Comment is attributable to Rody Quinlan, Security Response Manager at Tenable:
“The zero-day is a memory corruption flaw [CVE-2020-15999] described as a “heap buffer overflow in FreeType.” Successful exploitation of heap buffer overflows could lead to memory leakage which could potentially be used to lead to arbitrary code execution. As the Chrome flaw is being actively exploited in the wild, users are urged to update their browsers as soon as possible to reduce the risk of compromise.
Chrome is not the first browser with an actively exploited zero-day this year. Just over a week into 2020, Mozilla released an advisory for a zero-day vulnerability in Mozilla Firefox, CVE-2019-17026, and later again in April for CVE-2020-6819 and CVE-2020-6820. Mozilla Firefox advised users to upgrade as soon as possible as they were aware of attacks targeting the flaw.

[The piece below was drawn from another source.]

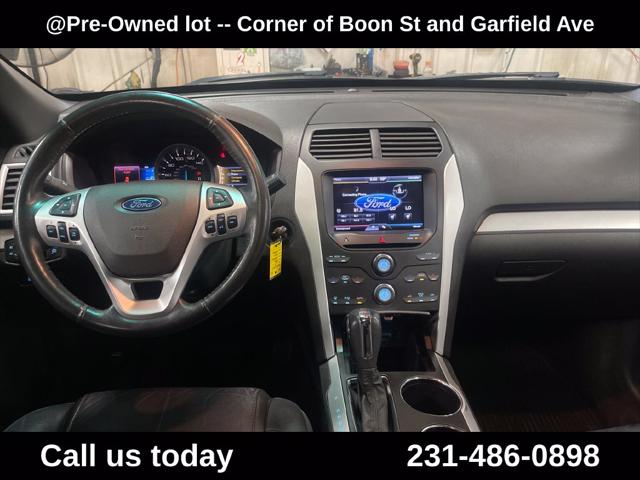 2013 Ford Explorer XLT
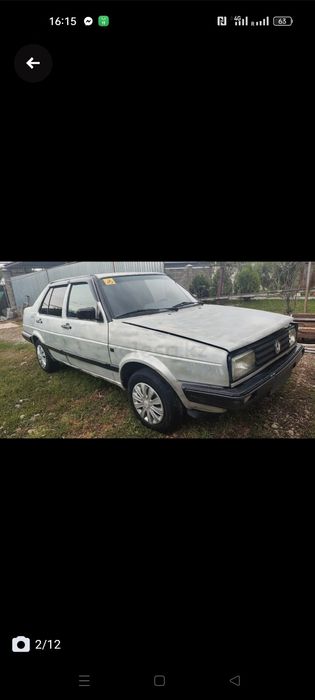 volkswagen jetta 2 отличное состояние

Microsoft also released an out-of-band (OOB) advisory (ADV200001) in January for CVE-2020-0674, a zero-day remote code execution (RCE) vulnerability in Internet Explorer. While an OOB advisory for an RCE vulnerability from Microsoft is enough reason to take note, the advisory also stated that Microsoft was aware of targeted attacks in the wild.
With three of the most commonly used browsers actively targeted this year with zero-days, it is imperative organisations patch their systems as soon as updates are available.”